In fact, the National Academies of Science are actually interested in collecting more data to move from correlation to causation. And the gun lobby is fighting tooth and nail to keep the US government from collecting that data – because it’s “fascism.”

Read on and look for some hard evidence amidst the anecdotes about Great Britain post World War I. Page 664 is the next time you see a chart with data.

Table 2

Again, we’re looking at decade-old data from Russia, Luxembourg and Belarus, not exactly America’s peers in terms of demographics, standards of living and the rule of law. More to the point, look at the columns with “banned” versus “allowed.” This is a terribly deceptive chart. Yes, France and Germany  and Norway allow handguns – but in France and Germany only allow them in very specific cases, and you must register them with the government after thorough background checks. In Norway, you must apply for a license for all guns and declare to the federal government your reason for needing a gun – usually hunting or sport shooting. Self-defense is not an acceptable reason to own guns in Norway. Kates and Mauser are trying to insinuate that these countries have the same policies as the United States, but this is simply wrong.

The work featured shoddy intellectual technique at every turn. Much of the writing here makes a definitive claim in its opening statement, such as “That murderers are not ordinary, law‐abiding responsible adults is further documented in other sources,” but it fails to support the notion before moving on to others topics. In this case, the authors start talking about how mental illness is behind the majority of gun crimes, then they cite a single study about juvenile murders without expanding on its argument.

They make a general statement that contradicts recent work by the medical profession (cited in my piece) that shows a negligible connection between mental illness and gun violence, then make a statement about juveniles (a subset of the population) showing psychosis or psychotic symptoms (open to discussion) – and then move quickly to criminals having a prior record? In the same paragraph, they go from – “crimes are only committed with guns by the crazy” to “juveniles show psychotic symptoms” to “criminals have prior records.” Throughout the paper, they make one unsubstantiated claim after another.

Kates and Mauser talk about “defensive” use of guns. Where’s the chart filled with data, country by country? Why can’t they show in a clear fashion the number of times guns are used “for good?”

And where is the data about suicide from country to country?

Since this is a comparison to the developed world with the intention of showing the “misconceptions” about gun control being effective, why don’t the authors put up the  data about US gun violence – 9146 gun homicides a year, 19,000 gun suicides, 415,000 gun crimes – and compare them directly to the industrialized world? It could have something to do with the fact that Japan has 11 gun homicides per year, France has 37, and so on.

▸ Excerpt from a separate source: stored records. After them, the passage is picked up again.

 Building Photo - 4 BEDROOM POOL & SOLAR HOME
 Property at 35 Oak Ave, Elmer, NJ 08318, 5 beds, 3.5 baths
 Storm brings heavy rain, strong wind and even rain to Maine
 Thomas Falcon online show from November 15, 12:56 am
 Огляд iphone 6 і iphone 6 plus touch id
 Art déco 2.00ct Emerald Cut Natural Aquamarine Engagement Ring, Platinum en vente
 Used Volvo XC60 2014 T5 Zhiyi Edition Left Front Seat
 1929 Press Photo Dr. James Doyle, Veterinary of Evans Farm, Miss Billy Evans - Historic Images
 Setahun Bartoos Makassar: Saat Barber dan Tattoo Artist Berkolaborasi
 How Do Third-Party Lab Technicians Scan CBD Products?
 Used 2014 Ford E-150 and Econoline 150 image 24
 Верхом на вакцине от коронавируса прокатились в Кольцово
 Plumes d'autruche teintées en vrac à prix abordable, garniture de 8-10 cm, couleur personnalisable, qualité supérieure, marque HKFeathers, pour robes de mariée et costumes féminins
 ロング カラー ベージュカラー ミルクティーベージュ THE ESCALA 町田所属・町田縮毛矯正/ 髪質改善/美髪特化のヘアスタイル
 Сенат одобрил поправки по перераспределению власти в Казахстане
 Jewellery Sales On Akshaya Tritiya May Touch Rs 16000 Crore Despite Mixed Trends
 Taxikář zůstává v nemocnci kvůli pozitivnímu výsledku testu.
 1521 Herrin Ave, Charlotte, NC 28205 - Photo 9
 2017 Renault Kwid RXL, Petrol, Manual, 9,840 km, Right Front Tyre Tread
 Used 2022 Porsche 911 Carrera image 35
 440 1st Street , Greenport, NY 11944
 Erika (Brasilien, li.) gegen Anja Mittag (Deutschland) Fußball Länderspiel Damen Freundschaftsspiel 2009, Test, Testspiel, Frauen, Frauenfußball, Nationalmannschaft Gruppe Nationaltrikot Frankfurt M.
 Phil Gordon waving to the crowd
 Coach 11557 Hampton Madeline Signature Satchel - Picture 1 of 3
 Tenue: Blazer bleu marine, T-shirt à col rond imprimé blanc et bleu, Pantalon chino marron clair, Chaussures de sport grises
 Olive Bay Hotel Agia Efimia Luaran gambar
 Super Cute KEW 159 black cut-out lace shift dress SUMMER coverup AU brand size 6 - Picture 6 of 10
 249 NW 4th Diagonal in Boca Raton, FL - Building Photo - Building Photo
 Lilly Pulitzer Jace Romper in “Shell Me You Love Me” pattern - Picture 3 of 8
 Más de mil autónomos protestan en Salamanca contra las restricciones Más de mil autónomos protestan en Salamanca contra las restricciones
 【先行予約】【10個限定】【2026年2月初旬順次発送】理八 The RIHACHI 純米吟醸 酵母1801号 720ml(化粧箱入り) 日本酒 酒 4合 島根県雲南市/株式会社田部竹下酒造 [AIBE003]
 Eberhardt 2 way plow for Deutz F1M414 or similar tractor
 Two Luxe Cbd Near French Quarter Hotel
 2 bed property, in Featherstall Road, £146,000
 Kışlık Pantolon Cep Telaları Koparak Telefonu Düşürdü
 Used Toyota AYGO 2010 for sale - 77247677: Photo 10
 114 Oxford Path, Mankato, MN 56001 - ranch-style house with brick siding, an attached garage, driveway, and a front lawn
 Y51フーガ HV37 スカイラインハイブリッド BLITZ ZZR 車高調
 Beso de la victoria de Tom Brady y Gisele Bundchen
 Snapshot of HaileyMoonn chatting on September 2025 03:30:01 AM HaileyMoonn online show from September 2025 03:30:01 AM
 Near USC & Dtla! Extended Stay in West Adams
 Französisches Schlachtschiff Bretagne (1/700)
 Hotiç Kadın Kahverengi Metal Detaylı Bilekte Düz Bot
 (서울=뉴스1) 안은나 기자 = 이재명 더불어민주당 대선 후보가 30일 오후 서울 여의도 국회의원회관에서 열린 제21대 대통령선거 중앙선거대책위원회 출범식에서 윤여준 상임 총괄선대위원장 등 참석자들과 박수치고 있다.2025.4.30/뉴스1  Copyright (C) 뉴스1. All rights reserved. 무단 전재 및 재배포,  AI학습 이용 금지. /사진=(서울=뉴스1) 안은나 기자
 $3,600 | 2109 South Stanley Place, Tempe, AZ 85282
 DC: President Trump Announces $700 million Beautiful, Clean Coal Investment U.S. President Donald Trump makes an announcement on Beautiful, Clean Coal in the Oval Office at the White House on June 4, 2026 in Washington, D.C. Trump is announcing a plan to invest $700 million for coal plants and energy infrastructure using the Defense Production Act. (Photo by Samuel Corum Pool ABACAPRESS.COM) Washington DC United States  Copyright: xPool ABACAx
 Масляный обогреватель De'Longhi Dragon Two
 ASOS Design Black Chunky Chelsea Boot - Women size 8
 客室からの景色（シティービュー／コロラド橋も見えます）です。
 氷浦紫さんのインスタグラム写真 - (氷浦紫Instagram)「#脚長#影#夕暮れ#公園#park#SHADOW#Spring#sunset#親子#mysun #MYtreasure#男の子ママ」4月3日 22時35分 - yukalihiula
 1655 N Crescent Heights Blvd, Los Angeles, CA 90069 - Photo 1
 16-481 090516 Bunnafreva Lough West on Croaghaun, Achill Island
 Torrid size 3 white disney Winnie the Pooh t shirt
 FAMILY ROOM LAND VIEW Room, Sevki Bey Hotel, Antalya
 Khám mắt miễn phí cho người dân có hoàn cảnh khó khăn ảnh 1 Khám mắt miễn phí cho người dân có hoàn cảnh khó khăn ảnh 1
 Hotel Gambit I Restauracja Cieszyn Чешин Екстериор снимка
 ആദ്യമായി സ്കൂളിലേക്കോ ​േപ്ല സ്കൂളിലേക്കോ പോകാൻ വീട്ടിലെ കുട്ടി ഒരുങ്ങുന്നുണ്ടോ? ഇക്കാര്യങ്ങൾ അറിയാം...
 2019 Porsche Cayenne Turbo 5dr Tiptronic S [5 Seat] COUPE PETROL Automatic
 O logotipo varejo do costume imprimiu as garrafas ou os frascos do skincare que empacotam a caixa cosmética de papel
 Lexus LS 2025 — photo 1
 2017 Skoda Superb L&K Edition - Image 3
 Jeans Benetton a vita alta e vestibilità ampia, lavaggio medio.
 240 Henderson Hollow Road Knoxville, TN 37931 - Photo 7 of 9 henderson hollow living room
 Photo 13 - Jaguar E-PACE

Page 675: A chart of all Eastern Bloc nations with data dating back a decade or more.

Table 3

I’ll stop here. This is an elaborate scam. It is to gun violence what the Exxon-funded climate deniers are to global warming, what the RJ Reynolds-funded studies were to cigarettes – an attempt to make an academic-looking cover for an idea that is obviously specious. I am in shock that Harvard looked at the intellectual work behind this and chose to publish it. Was there peer review here? How did they approve a paper that strays so far from its original thesis statement to include old data that excludes every nation which would demolish the authors’ thesis, such as Japan, France and New Zealand? In the opening of the article, the authors decry “comparisons that are unrepresentative” and then give you decade-old stats about Belarus and Moldova while insinuating that Germany and Norway are examples of US-style gun laws!

This is the quality of the academic output from the “gun control doesn’t ever work” camp. It should be no wonder why the gun lobby prefers to remain in the area of dramatic hypotheticals, because this is the level of quantitative research that underlies their public statements.